A landmark trial over whether Florida legislators broke the law and used a "shadow" process when drawing up new political maps for Congress was held behind closed doors for several hours Thursday.
Circuit Judge Terry Lewis removed members of the public and the media from the courtroom during the eighth day of the ongoing trial. They were allowed to return only after two witnesses had finished testifying.
Lewis said before the trial that he did not want to close the courtroom during the legal challenge to Florida's congressional districts being brought by a coalition of groups including the League of Women Voters, Common Cause and a group of voters.
But he was forced to do so after the Florida Supreme Court ruled this week that up to 538 pages of evidence —which includes emails and maps — must not be disclosed in open court.
The Supreme Court took that step after an appeals court had previously blocked the use of the evidence entirely.
Lawyers representing Data Targeting, a Gainesville-based political consulting firm, and its employees contend that revealing the documents violates their First Amendment rights and also includes trade secrets.
The attorneys, whose fees are being paid by the Republican Party of Florida, tried to get U.S. Supreme Court Justice Clarence Thomas to block the evidence. But Thomas had not acted by the time the courtroom was closed.
Several news organizations, including The Associated Press, publicly objected to the closing which occurred during the questioning of Republican consultant Rich Heffley. The courtroom also remained closed when Pat Bainter, a top employee at Data Targeting, took the stand.
The documents are considered key evidence of whether legislators violated the "Fair Districts" amendments which said districts cannot be drawn in a way to favor incumbents or members of a political party. The lawsuit marks the first time those new standards adopted by voters in 2010 are being used to challenge the Legislature.
While legislators have denied any wrongdoing, attorneys for the groups have argued that legislators used a "shadow" process that relied on consultants in an effort to bypass the constitutional amendment. Attorneys for some of those suing are being paid by the National Democratic Redistricting Trust.
Evidence so far has shown that one GOP consultant received maps before they were made public. A Republican Party official testified Friday that congressional maps he drew and turned over to a GOP consultant were identical to those submitted to the Legislature back in 2012 by Alex Posada.

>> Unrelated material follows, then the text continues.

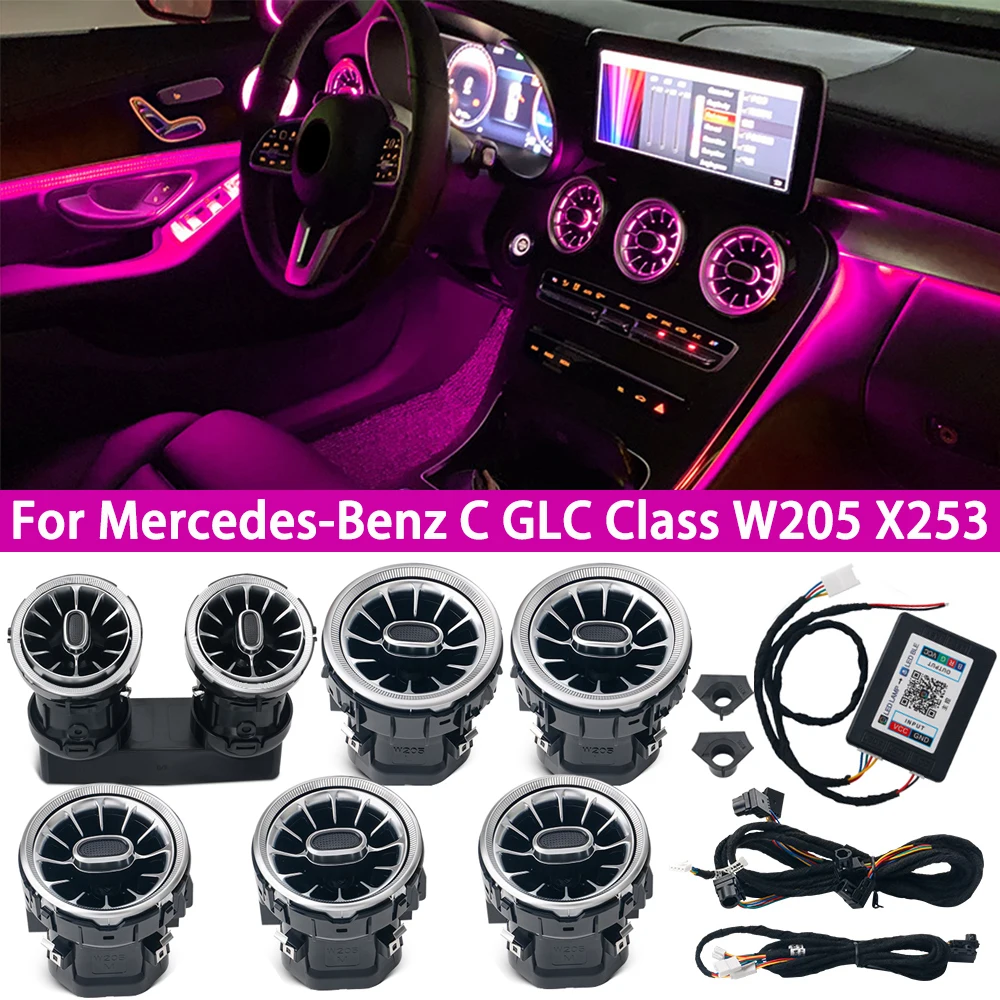 64-цветное окружающее освещение для Mercedes Benz C GLC Class W205 X253, светодиодное турбо-сопло, окружающее освещение приборной панели, вентиляционное отверстие, турбина, приложение
64-цветное окружающее освещение для Mercedes Benz C GLC Class W205 X253, светодиодное турбо-сопло, окружающее освещение приборной панели, вентиляционное отверстие, турбина, приложение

But in a new twist on Thursday, attorneys revealed that Posada, a former Florida State University student and member of that school's College Republicans, had denied in a new deposition that he ever submitted a map to the Legislature.
David King, one of the attorneys in the case, grilled Heffley over whether he created fake email accounts and submitted maps to the Legislature under someone else's name.
"I won't tell you what my mom told me about assuming things but I will tell you that I don't know Mr. Posada, I have never had anything to do with submitting maps and I don't know how they got in the public domain," said Heffley, who was getting paid $15,000 a month by the Republican Party to help with redistricting and state Senate campaigns.